Negócios

No aniversário de dez anos, o que a Ebanx quer para continuar crescendo?

Primeiro unicórnio da região Sul cresceu, tem nova presidente no Brasil e continua com foco em conectar empresas internacionais à América Latina - sem descartar IPO para concretizar novos planos

Bellizia: Atenção e foco no mercado latino-americano para continuar crescendo (Tainá Bernard/Divulgação)

Bellizia: Atenção e foco no mercado latino-americano para continuar crescendo (Tainá Bernard/Divulgação)

KS

Karina Souza

Publicado em 10 de março de 2022 às 08h00.

Última atualização em 10 de março de 2022 às 11h33.

O ano era 2012. Fael foi o campeão do BBB, Avenida Brasil era o entretenimento que unia o Brasil, o 7x1 não estava nem perto de ser realidade por aqui e a Netflix havia chegado ao país há cerca de um ano. Isso tudo, é claro, sem falar no papo de que o mundo iria acabar. E, já que tudo poderia ir pelos ares, por que não aproveitar o tempo por aqui com uma nova geladeira, ou com a roupa mais nova das prateleiras das lojas? Brincadeiras à parte, fatores como a taxa de desemprego no menor nível histórico e a ascensão do e-commerce tiveram seu efeito. O varejo eletrônico teve um excelente ano, faturando R$ 22,5 bilhões, aumento de 20% em relação ao ano anterior. No ano em que as pessoas consumiram relativamente mais no mundo on-line, por que não aperfeiçoar a forma como elas pagam por essas transações? Com base nessa premissa, nasceu a Ebanx.

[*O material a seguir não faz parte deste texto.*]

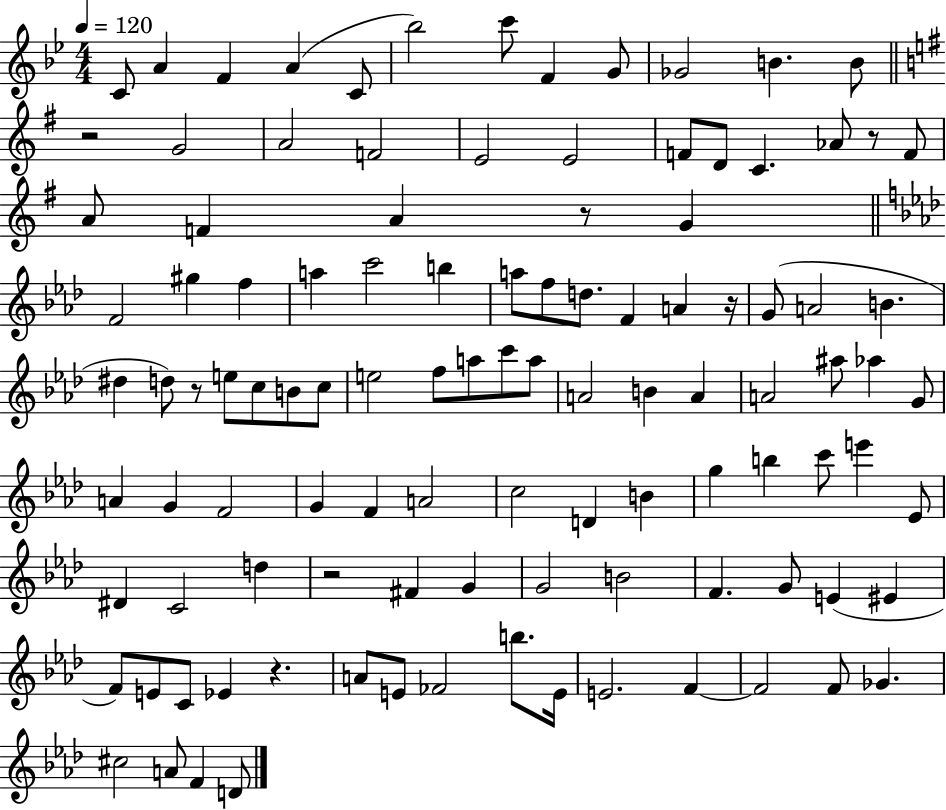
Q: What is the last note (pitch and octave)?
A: D4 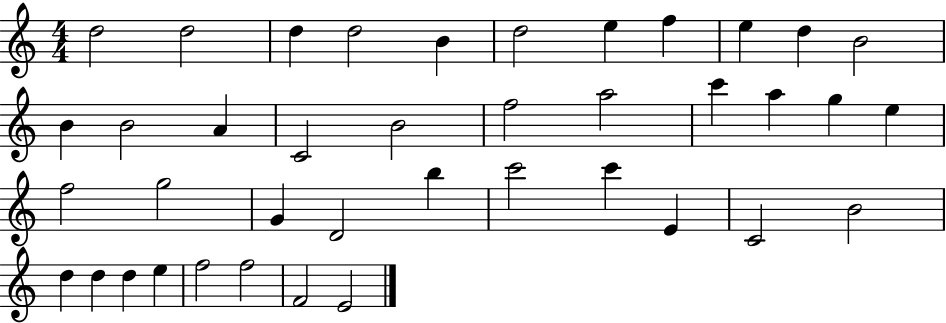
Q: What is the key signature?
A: C major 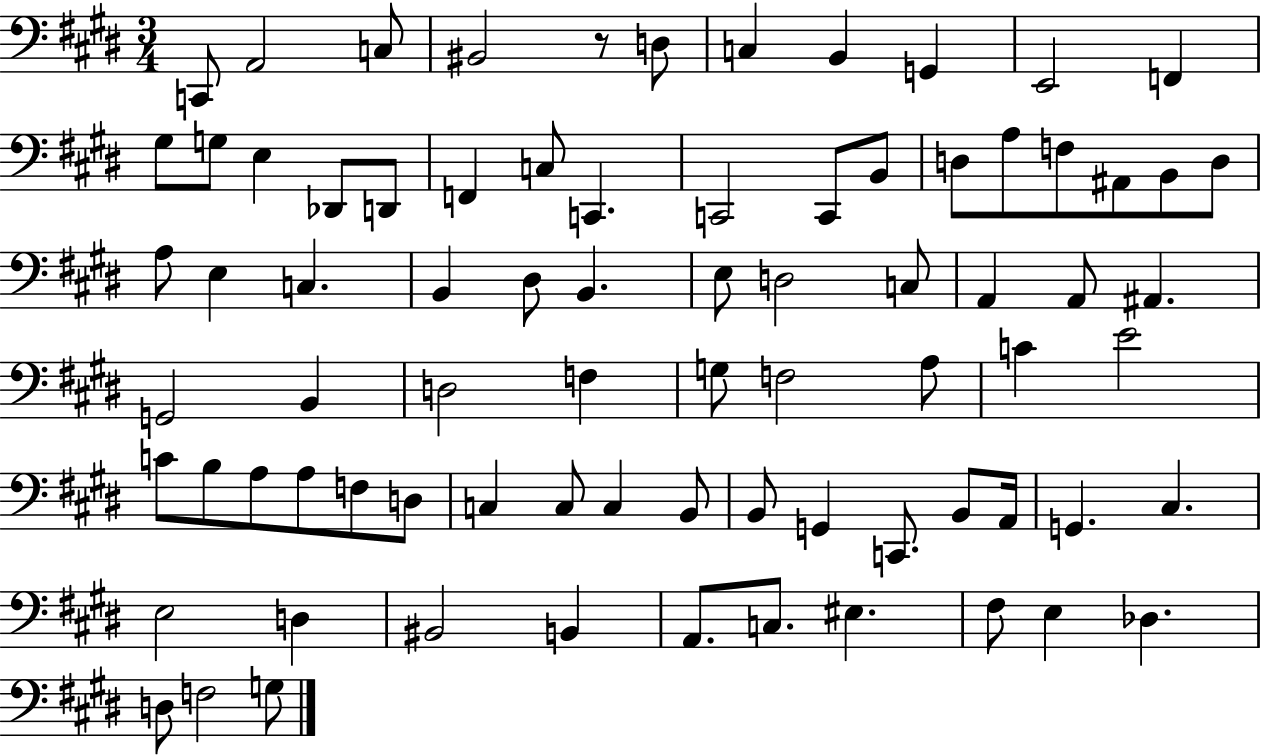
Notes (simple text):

C2/e A2/h C3/e BIS2/h R/e D3/e C3/q B2/q G2/q E2/h F2/q G#3/e G3/e E3/q Db2/e D2/e F2/q C3/e C2/q. C2/h C2/e B2/e D3/e A3/e F3/e A#2/e B2/e D3/e A3/e E3/q C3/q. B2/q D#3/e B2/q. E3/e D3/h C3/e A2/q A2/e A#2/q. G2/h B2/q D3/h F3/q G3/e F3/h A3/e C4/q E4/h C4/e B3/e A3/e A3/e F3/e D3/e C3/q C3/e C3/q B2/e B2/e G2/q C2/e. B2/e A2/s G2/q. C#3/q. E3/h D3/q BIS2/h B2/q A2/e. C3/e. EIS3/q. F#3/e E3/q Db3/q. D3/e F3/h G3/e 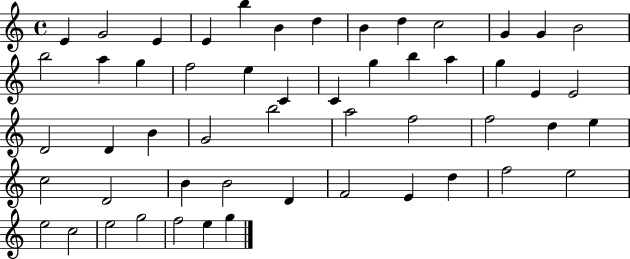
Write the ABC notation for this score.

X:1
T:Untitled
M:4/4
L:1/4
K:C
E G2 E E b B d B d c2 G G B2 b2 a g f2 e C C g b a g E E2 D2 D B G2 b2 a2 f2 f2 d e c2 D2 B B2 D F2 E d f2 e2 e2 c2 e2 g2 f2 e g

A startup financeira foi criada em Curitiba, fundada por Alphoense Voigt, João Del Valle e Wagner Ruiz. Depois de serem aceitos no processo seletivo dos Empreendedores Endeavor, os sócios quase colocaram tudo a perder na apresentação para conseguir o financiamento necessário – mas, no final do evento, conseguiram o dinheiro para começar. Naquela época, a oferta era uma só: tornar o processo de pagamento mais fácil para companhias internacionais e clientes que estavam na América Latina. O primeiro serviço oferecido foi o de intermediar pagamentos entre ambos os lados, permitindo, por exemplo, que fosse possível pagar compras em sites estrangeiros com boleto. 

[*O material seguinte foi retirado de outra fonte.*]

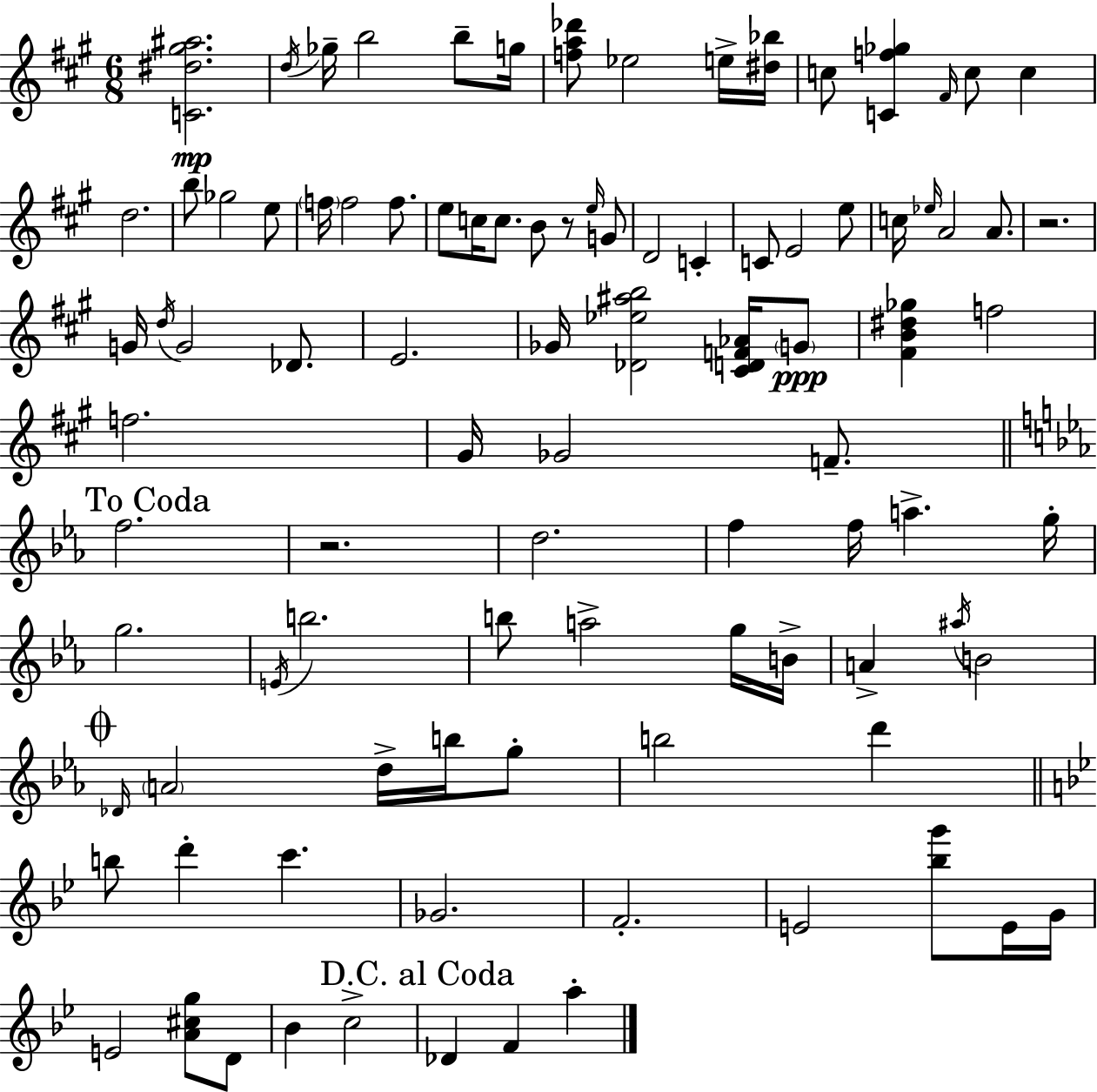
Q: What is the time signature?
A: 6/8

Com o tempo, a Ebanx diversificou a atuação em duas outras frentes: processamento de pagamentos para sites brasileiros e serviços para consumidores, com o Ebanx Go – um app de conta digital que também dá acesso a cartão de crédito pré-pago. Foram mudanças que acompanharam o crescimento da companhia, que tem mais de 1.700 colaboradores, cerca de 100 métodos de pagamento incorporados e quase um bilhão de pagamentos processados – aumento de 110% em relação ao ano anterior. São cerca de mil clientes globais, como Amazon, SHEIN, Shopee, Spotify e Uber, além de mais de 35 mil no Brasil. 

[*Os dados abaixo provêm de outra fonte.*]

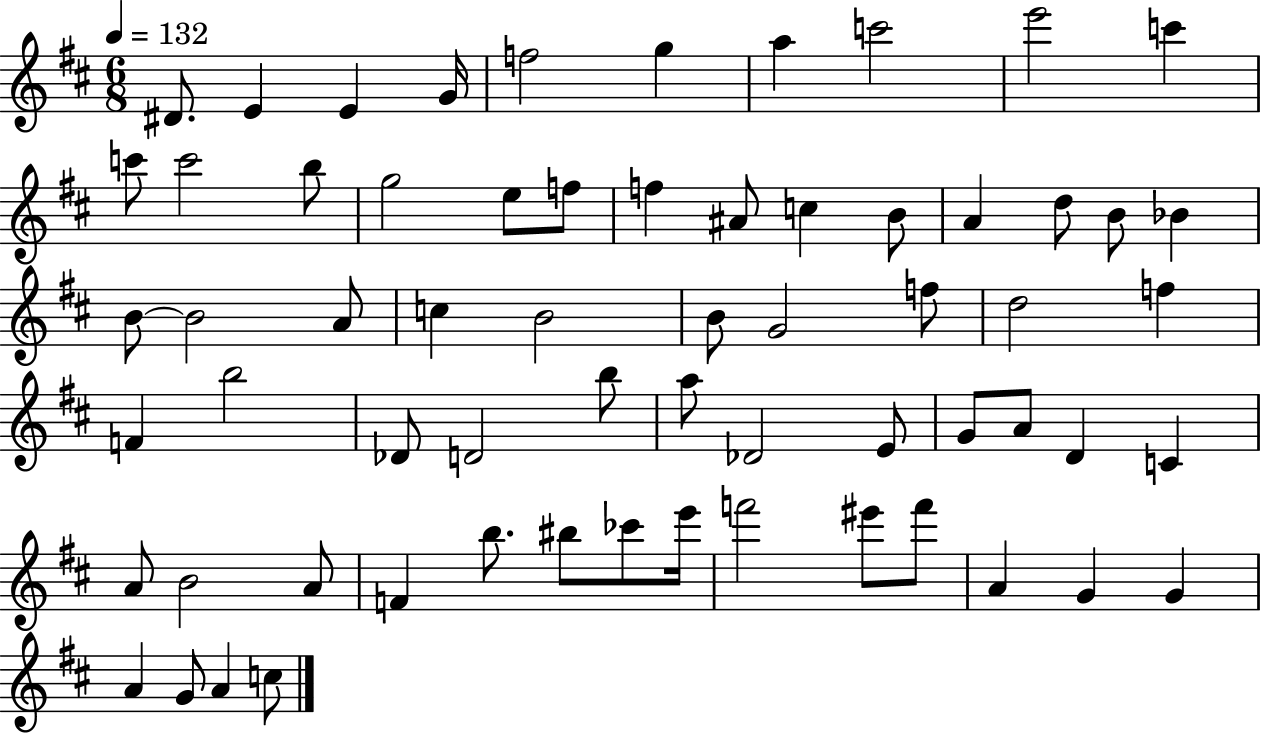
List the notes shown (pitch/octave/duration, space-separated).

D#4/e. E4/q E4/q G4/s F5/h G5/q A5/q C6/h E6/h C6/q C6/e C6/h B5/e G5/h E5/e F5/e F5/q A#4/e C5/q B4/e A4/q D5/e B4/e Bb4/q B4/e B4/h A4/e C5/q B4/h B4/e G4/h F5/e D5/h F5/q F4/q B5/h Db4/e D4/h B5/e A5/e Db4/h E4/e G4/e A4/e D4/q C4/q A4/e B4/h A4/e F4/q B5/e. BIS5/e CES6/e E6/s F6/h EIS6/e F6/e A4/q G4/q G4/q A4/q G4/e A4/q C5/e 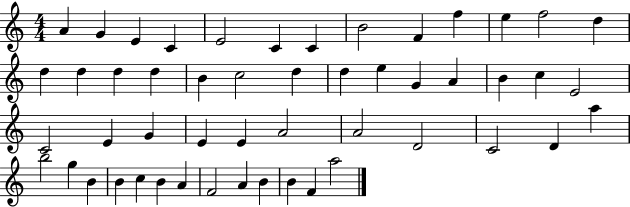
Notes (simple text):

A4/q G4/q E4/q C4/q E4/h C4/q C4/q B4/h F4/q F5/q E5/q F5/h D5/q D5/q D5/q D5/q D5/q B4/q C5/h D5/q D5/q E5/q G4/q A4/q B4/q C5/q E4/h C4/h E4/q G4/q E4/q E4/q A4/h A4/h D4/h C4/h D4/q A5/q B5/h G5/q B4/q B4/q C5/q B4/q A4/q F4/h A4/q B4/q B4/q F4/q A5/h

A internacionalização veio logo cedo, em 2015, para quatro países. A startup estava longe de ser grande no Brasil, mas iniciar planos de diversificar a fonte de receita já era uma prioridade. Apesar de hoje se comprovar um passo acertado, com metade da receita vindo de fora do Brasil, a forma como esse processo começou se tornou um aprendizado. “A gente foi muito ‘abrindo caminhos’ nos países e demoramos cerca de dois anos para conseguir volume de clientes. Dali para frente, começamos a montar a estrutura e, simultaneamente, gerar demanda por serviços. Isso deixou toda a operação mais saudável”, afirma João Del Valle, co-fundador e CEO da Ebanx, à EXAME.

Onze países depois, a expansão internacional continua a ser prioridade, mesmo com  a meta batida de diversificação de receita. Este ano, a fintech deve abrir vagas nos escritórios no México, China, Estados Unidos e Europa. O plano de olhar para o mercado de fora segue o mesmo, mas com uma nova pessoa para liderá-lo: Paula Bellizia, ex-presidente da Microsoft Brasil e ex-VP do Google. 

O olhar é o de que meios de pagamento locais devem continuar ganhando cada vez mais força, sempre em direção a uma experiência de compra mais fluida. “O PIX transformou o mercado de pagamentos brasileiro e os próprios reguladores querem que discussões como essas avancem, com um PIX global, por exemplo. Também pensamos em fortalecer verticais como serviços digitais e e-commerce, além de buscar por outras”, afirma Paula. 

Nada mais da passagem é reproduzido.